The Barred owl (Strix varia) is more often heard than seen. Its loud call is said to be asking Who-cooks-for-you, who-cooks-for-you-all.
It usually spends its day in a thick grove of trees in a low, wet forest, and is seen only by those who deliberately seek it out. The search is worth the effort, however, for this owl has beautiful "barred" plumage, or feathers, with black and white stripes. The barred owl is one of the most common species of owl in North America east of the Rocky Mountains.
The Barred owl prefers extensive mature deciduous forests, such as river bottomlands, northern hardwoods, and oak-hickory forests, but is also found in mixed conifer-deciduous forests and less commonly in spruce-fir forests of Vermont. It may hunt at night over meadows or within the forest interior.
Its preferred nesting site is the hollow of a tree but it will frequently use abandoned hawk, squirrel, and crow nests. Typically, this monogamous bird will use the same nest site year after year.
The Barred owl is a nocturnal, but is often seen or heard during the day, especially on winter afternoons or when skies are overcast. During the day, the barred owl roosts in shady mature forests, usually on a limb next to the trunk of a tree. During hot weather, it can often be found in the upper part of a large white pine tree where there is a breeze that helps keep them cool.
During cold wintry weather it usually roosts lower in the canopy where the vegetation is denser and the wind is not as strong.
The Barred owl is often mobbed by other birds while on its roost, particularly by crows, Blue Jays and American Robins, and a keen observer can locate an owl roost by being aware of this mobbing while out in the woods.
Using natural cavities 20-40 feet high in a large tree, stick platform nests created by other animals, or nest boxes, Barred owls lay one to five eggs. The incubation period is about 28-33 days, and the chicks hatch helpless with closed eyes and covered in white downy feathers.
The Barred owl is a bird of prey and catches food with its sharp talons and hooked beak. It is nocturnal, active mainly at night, but will feed during the day if necessary.
It has a varied diet, which includes small mammals, birds, reptiles, amphibians, fish and invertebrates. The Barred owl is undoubtedly an opportunistic feeder, taking whatever is available.

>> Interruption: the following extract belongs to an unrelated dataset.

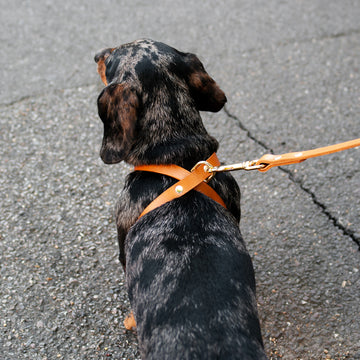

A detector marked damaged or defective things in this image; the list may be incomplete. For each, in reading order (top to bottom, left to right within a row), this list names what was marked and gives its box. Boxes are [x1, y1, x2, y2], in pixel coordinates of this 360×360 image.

concrete crack [225, 105, 360, 249]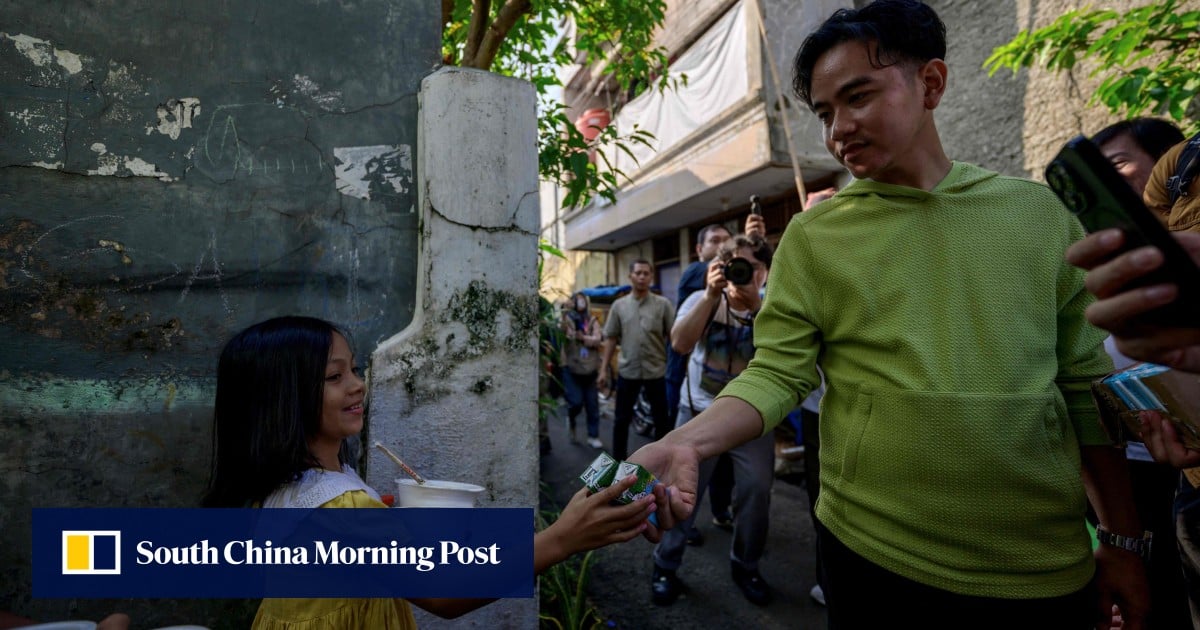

The Barred owl typically hunts for its prey while sitting on a perch. Like many other owls, it swallows its prey whole and then, when at a more sheltered location, regurgitates the indigestible materials, such as bones and fur, in the form of pellets.
An owl will often use the same perch for feeding, which can be easily identified by the collection of pellets on the ground below.
Today the most serious threats to Barred owls in Vermont include the loss of habitat from housing development, recreation development in areas where Barred owls breed, and forest management that doesn't consider including mature forest as a benefit for wildlife habitat.
Roads are also a serious problem because Barred owls are attracted to grassy roadsides, which harbor rodents. Many owls are killed each year in automobile collisions.
As Barred owls are cavity nesters, they have been known to use human made nest boxes for laying and hatching their eggs. The Eastern Screech and Barn are two other owl species in North America that can be attracted to and will use nest boxes.
Current Barred owl populations within Vermont are stable. There is no active plan designed for these owls, but continued monitoring is conducted to ensure that their population remains healthy and abundant in Vermont.